Ia mengusulkan agar Presiden Jokowi membuat rencana penanganan pandemi dan pemulihan dampaknya dalam 5 tahun. Ia menyingkatnya dengan sebutan Pelita. Agar pemerintah punya program dan tujuan jangka pendek dan jangka panjang. Karena, dia memprediksi virus yang bermula di Wuhan itu tidak akan lenyap dalam waktu dekat.

Lalu, apakah Komite Penanganan Covid-19 dan Pemulihan Ekonomi Nasional (KPC-PEN) masih diperlukan? "Bubarkan," tandasnya.

Epidemiolog UI lainnya, Tri Yunis Miko Wahyono masih optimis. Asalkan, Pembatasan Sosial Bersakala Besar (PSBB) total diberlakukan secara serentak. Tidak hanya di Jakarta. Minimal 10 provinsi prioritas. "10 provinsi yang tinggi aja," kata Miko tadi malam.

Selain itu, penanggulangannya juga harus singkron. Semua bergerak ke arah yang sama. "Jangan sampai mengalahkan Covid-19 dengan ekonomi," sentilnya.

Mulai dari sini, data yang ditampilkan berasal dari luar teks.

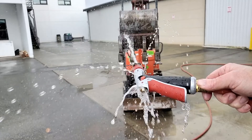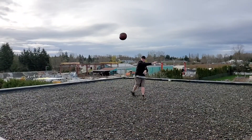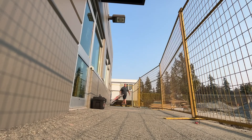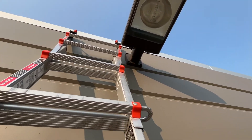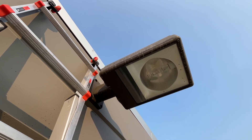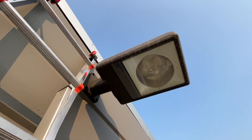We are back at the elementary school today. We are going to figure out why that light exploded. Buckle up for safety as I give you a day in the life of Facilities Maintenance. Yesterday, this is the light that somewhere inside lit on fire when we energized the circuit.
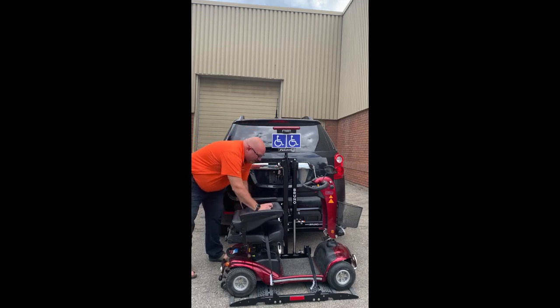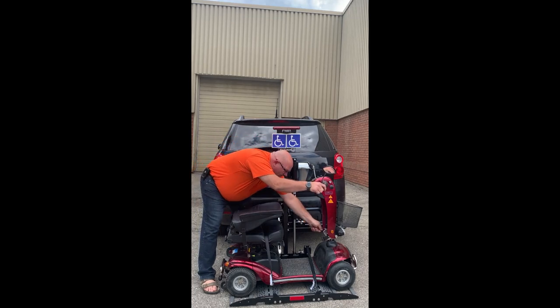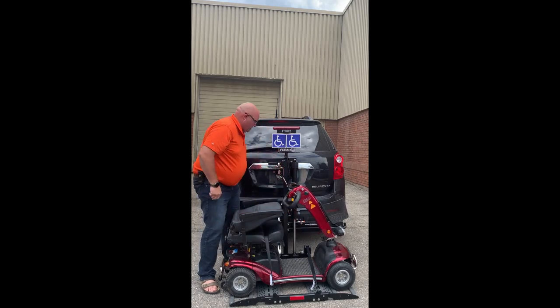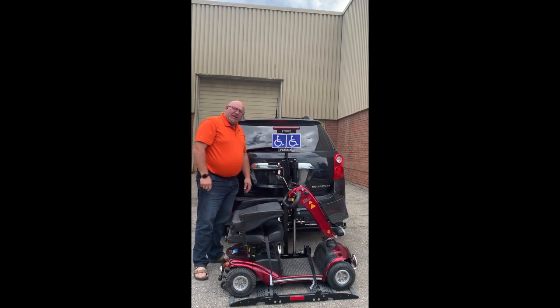I'll fold the backrest down. I will also fold the tiller head down some. Now the unit's ready to be lifted.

Lalu, apa Luhut diberikan penambahan waktu oleh Presiden untuk menurunkan kasus Corona di provinsi prioritas itu?

Jubir Kemenko Marves Jodi Mahardi tidak menjawabnya secara lugas. Ia meyakinkan bahwa pihaknya belum 'patah arang'. 3 strategi andalan Luhut, tetap terus digeber hingga vaksin datang. Pertama, penerapan disiplin protokol kesehatan dan deteksi awal penyebaran Covid-19 (testing dan tracing). Kedua, pembangunan pusat isolasi atau karantina terpusat; dan ketiga, peningkatan manajemen perawatan pasien Covid19.

"Ya ini kan tidak semudah membalikan tangan. Kita ga bisa pastikan kapan pandemi akan berakhir," kata Jodi lewat pesan singkat.